If you are aware of that influence, and you can recognise it, then you are in a better position to pick and choose the tools that will work best for you. There are many factors that play into the choice of frameworks, for example: “Is it well‐written?”, “Does it have an active community behind it?”, “Does it have clear documentation?”. But perhaps the most important question to ask is, “Does its approach match my own philosophy?”
Every framework has a philosophy because every framework was written by people. If your philosophy aligns with that of the framework, then it will help you work more efficiently. But if your philosophy clashes with that of the framework, you will be fighting it every step of the way. It might even be tempting to just give up and let the framework dictate your workflow. Then the tail would be wagging the dog.

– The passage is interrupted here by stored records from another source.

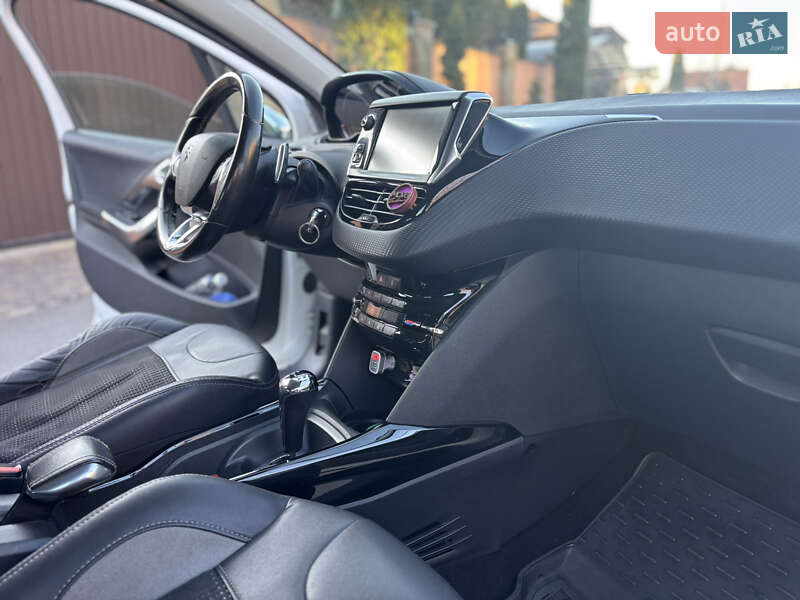 Позашляховик / Кросовер Peugeot 2008 2015 в Житомирі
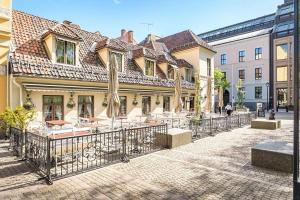 Το κτήριο όπου στεγάζεται  το διαμέρισμα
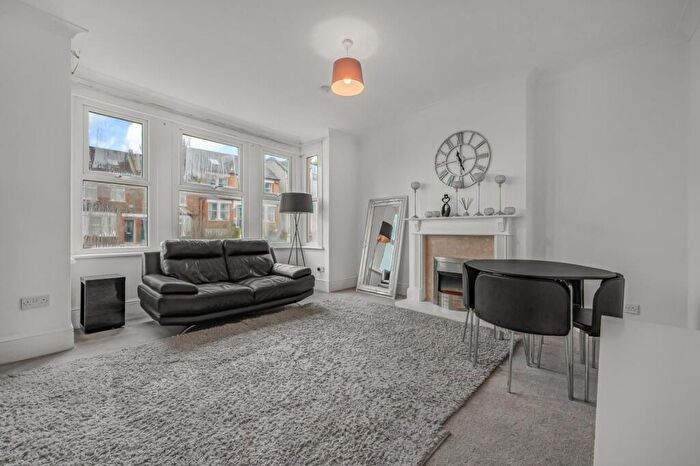 2 Bedroom Flat To Rent In Eglinton Hill, Plumstead, SE18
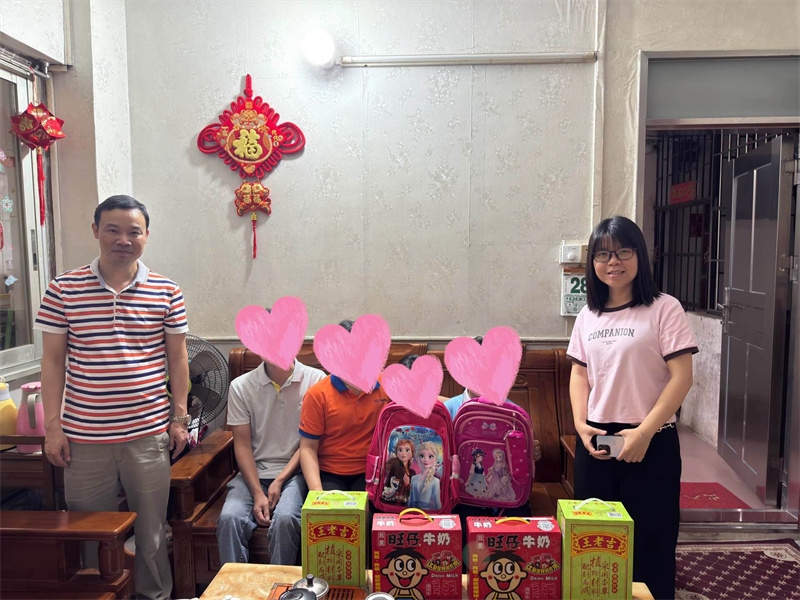 慰问困难职工家庭子女 (2).jpg
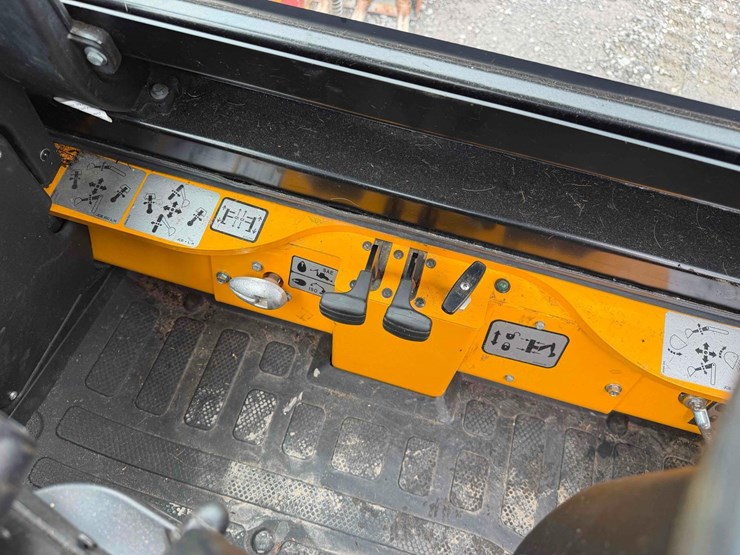 jcb-1cx-image-24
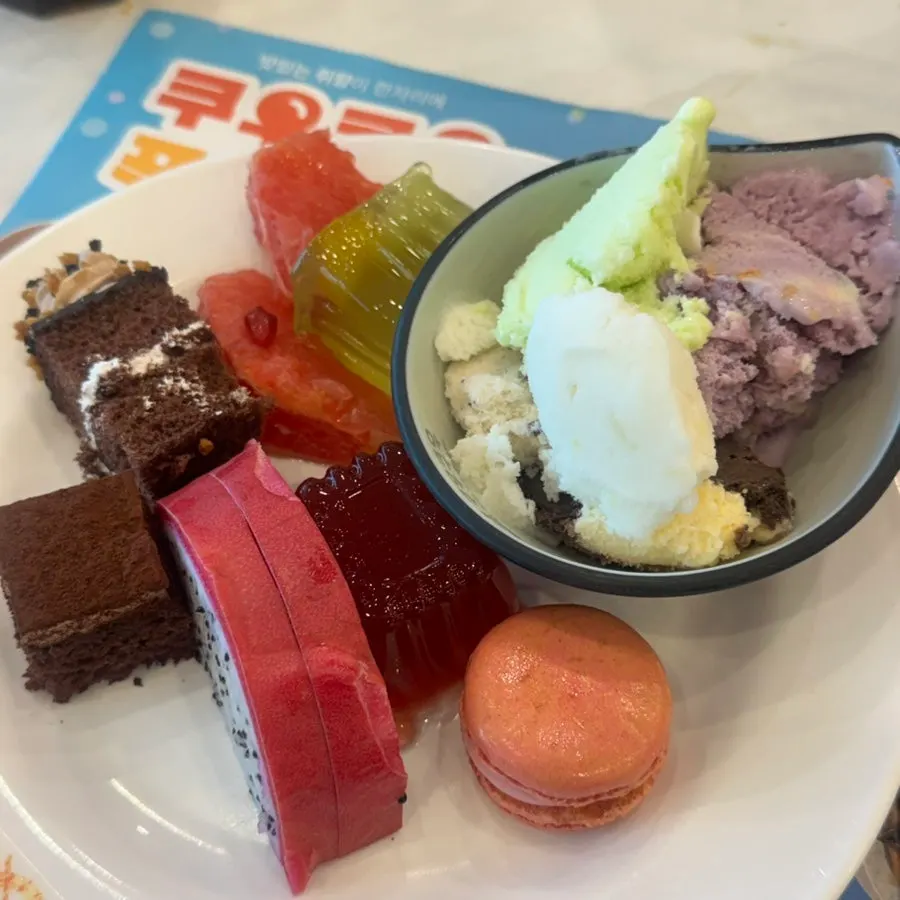 Chocolate fondue marshmallows and macarons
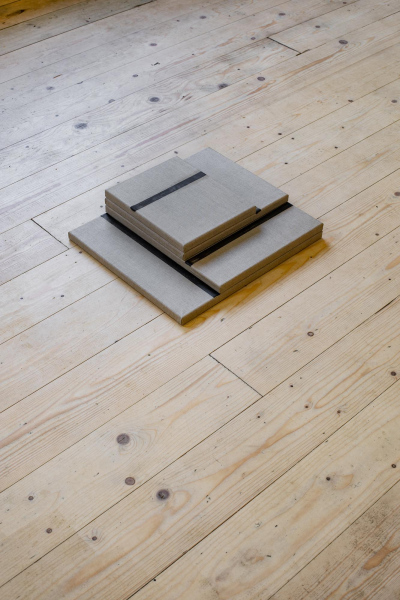 disentangled at a single stroke ニ, oil on linen, 10 x 40 x 35 cm, 2020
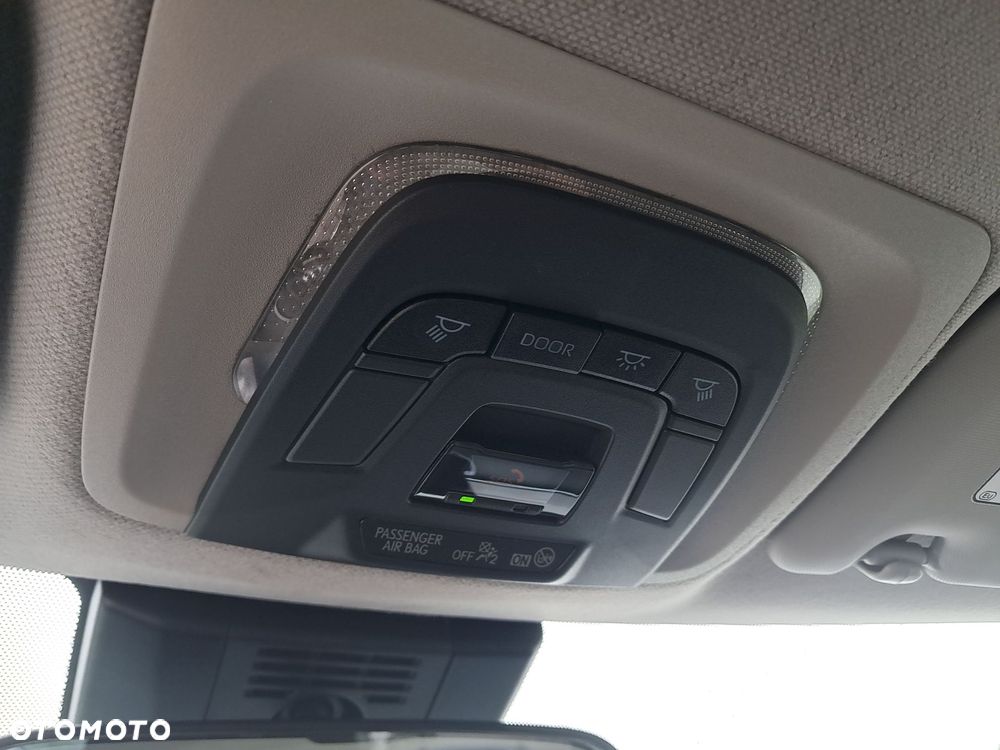 Toyota Corolla 1.8 Hybrid Comfort - 29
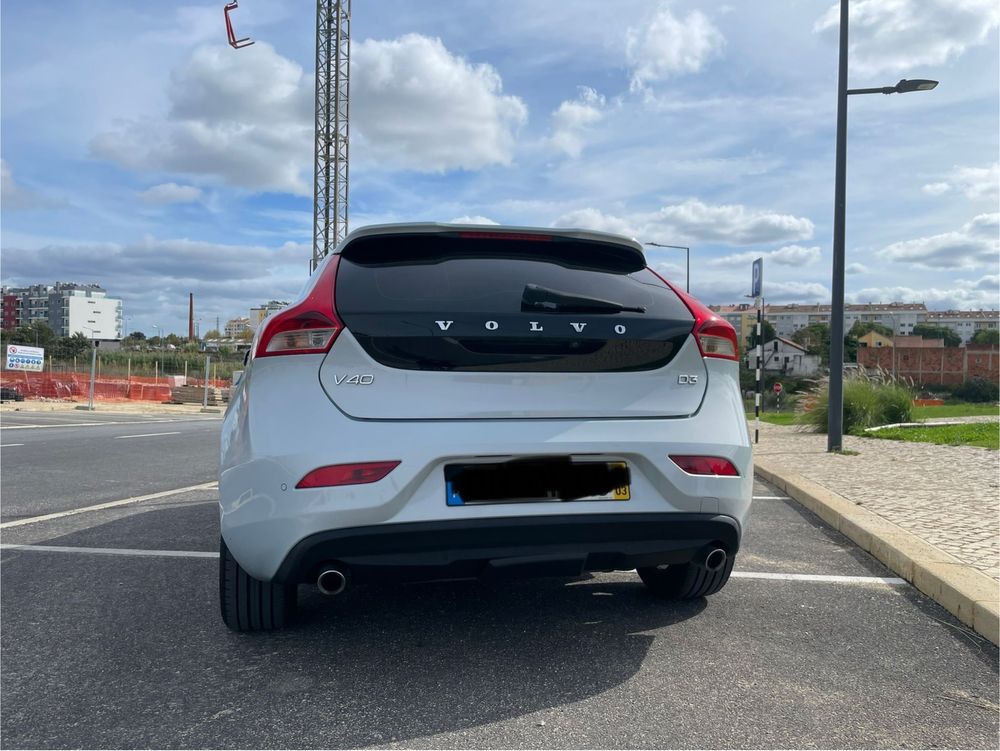 Volvo v40 d3 2.0 150cv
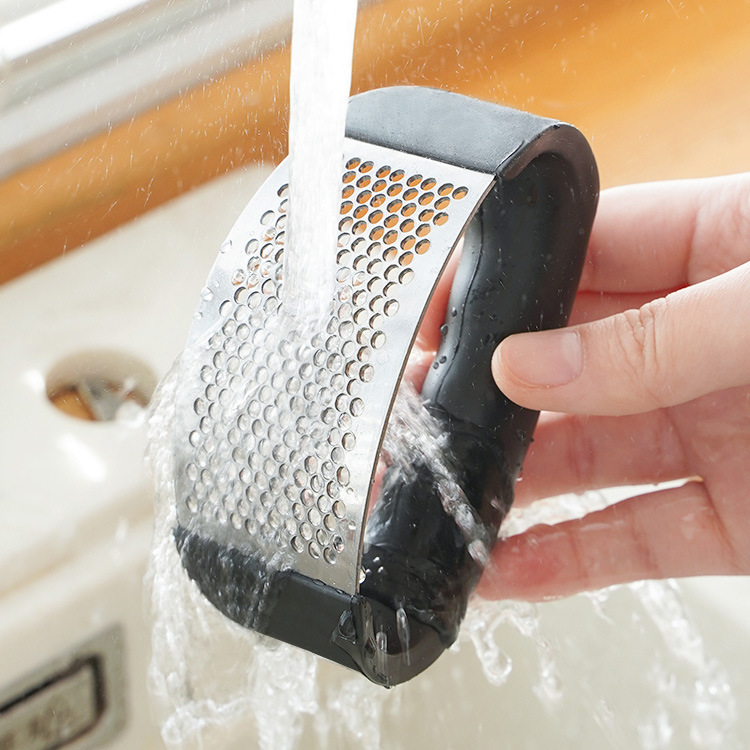 Manual Curved Stainless Steel Garlic Press Multi-Functional Garlic Press Garlic Masher Kitchen Tool Creative Ginger Garlic Press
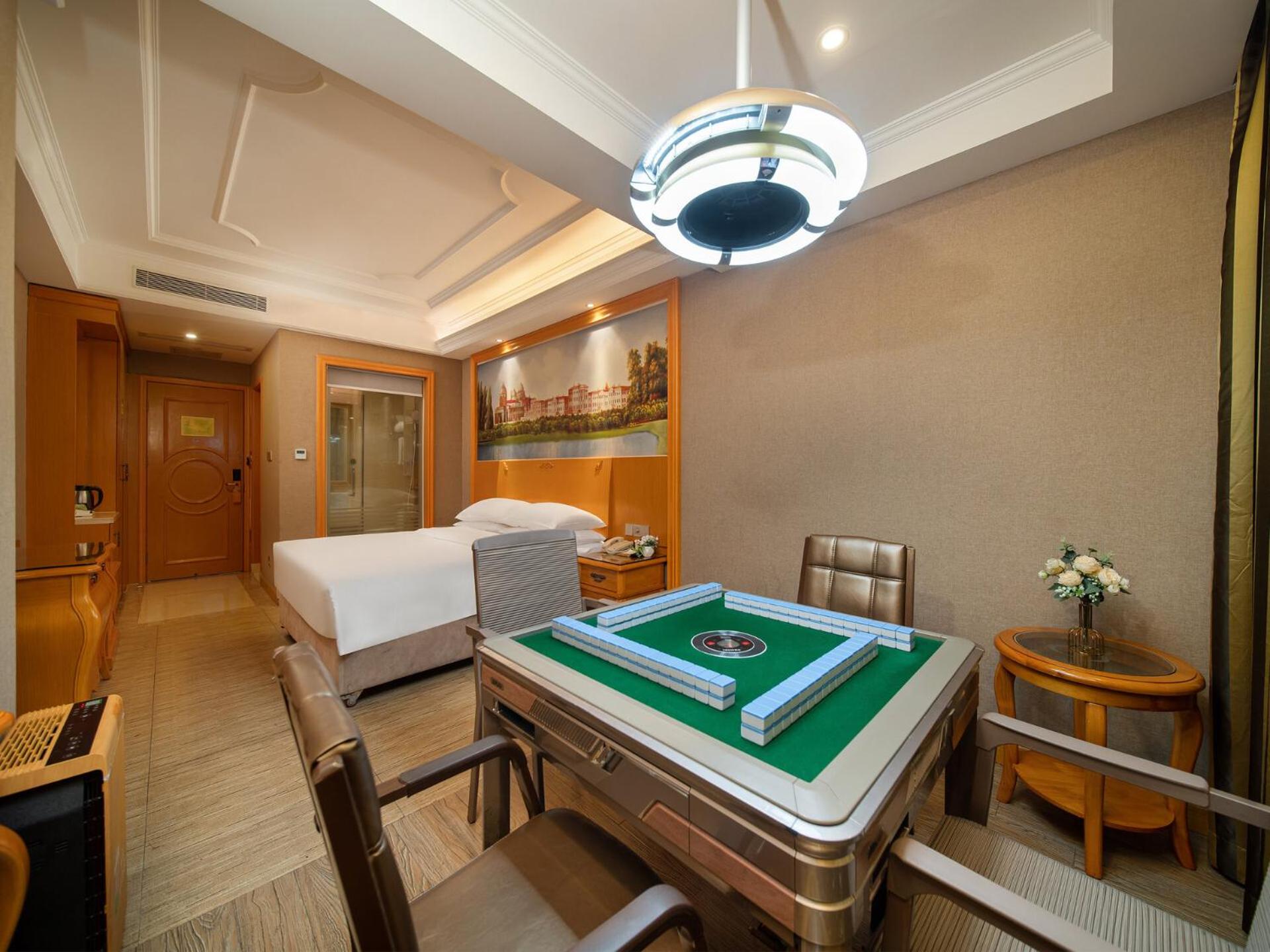 Double Room with Mah-jongg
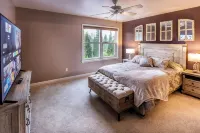 Poconos Spacious 6-Bedroom House in Marvelous Blakeslee WPool Gamerooms Hot Tub - Luxury
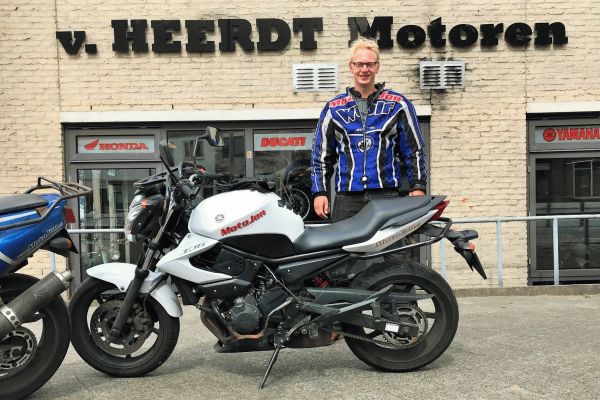 Sjors uit Hilversum is geslaagd bij MotoJon Motorrijschool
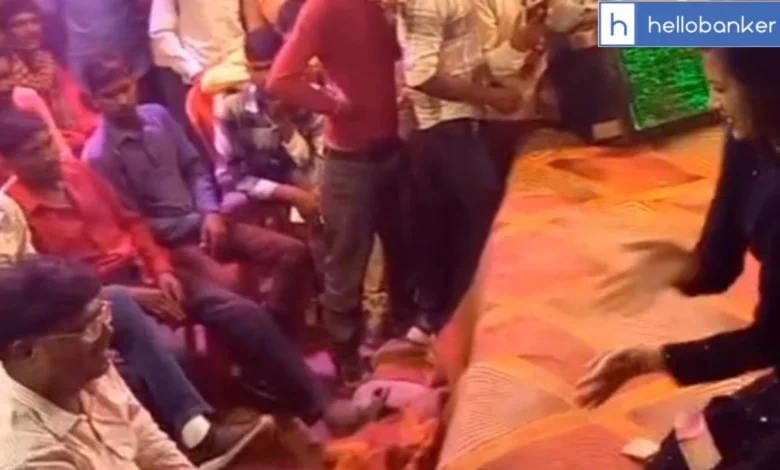 SBI Officer Caught on Video Throwing Money on Dancers at Village Fair in Uttar Pradesh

Choose your tools wisely. It would be a terrible shame if you abandoned the resilient approach to web design because of a difference of opinion with a piece of software.
Differences of opinion often boil down to a mismatch in priorities. At its heart, the progressive enhancement approach prioritises the needs of people, regardless of their technology. Tools, frameworks, and code libraries, on the other hand, are often built to prioritise the needs of designers and developers. That’s not a bad thing. Developer convenience is hugely valuable. But speaking personally, I think that user needs should trump developer convenience.
When I’m confronted with a problem, and I have the choice of making it the user’s problem or my problem, I’ll make it my problem every time. That’s my job.
Resilient Web Design - Chapter 7 (cache)
The Resilient Web Design (cache) web book by Jeremy Keith is inspiring, to say the least. I knew that it would be a good reading so I savoured it, one chapter at a time. Nothing really new but there is a moment in your life you realise that everything is cyclic and very old concepts are just going to be the next trend. Let’s call it maturity to stay polite and because I think I reached it :-P.
That particular extract of the chapter related to “Challenges” hit me. That’s part of my job to ease processes and reduce frictions. That’s part of my job to take into account from the early beginning of a product its lasting qualities. That’s part of my job to produce resilient websites. Resilient not only by the underneath concepts but by the technologies we put into practice to achieve our goals. That’s why I’m more inclined to use Falcon over Django these days. It’s not anymore about using the right tool for the job, I can do whatever I want with both frameworks. The difference will be building on one hand and deconstructing on the other. You have to be confident enough to start building and you have to deconstruct a lot to acquire it. This is a process you have to accomplish by yourself to be able to identify complexity at first sight.
Good engineering involves finding simple solutions to sometimes complex problems. Repurposing code may make development easier, but ease of development is not the end goal.
Developers need to continue to learn to code before they learn to include frameworks.
You don’t need a framework for that (cache)
As a starter (cache), I have a responsibility to choose my tools wisely. I have to care enough about the maintainer and the future team as a whole. When you are coding public facing interfaces — like websites — you obviously have to care about your users too. It means identifying their needs and adapting constantly your product.
Even if I’m seduced by the three‐step approach (I’m so jealous of these “clever” hashes!), I think it misses a fourth one: Mesure and remove. We spend our time adding features without considering at the same pace the removal of useless ones. And still the true resilience (or is it perfection Antoine?) is when there is nothing more to take away. What are you removing on Monday to make our Web more resilient?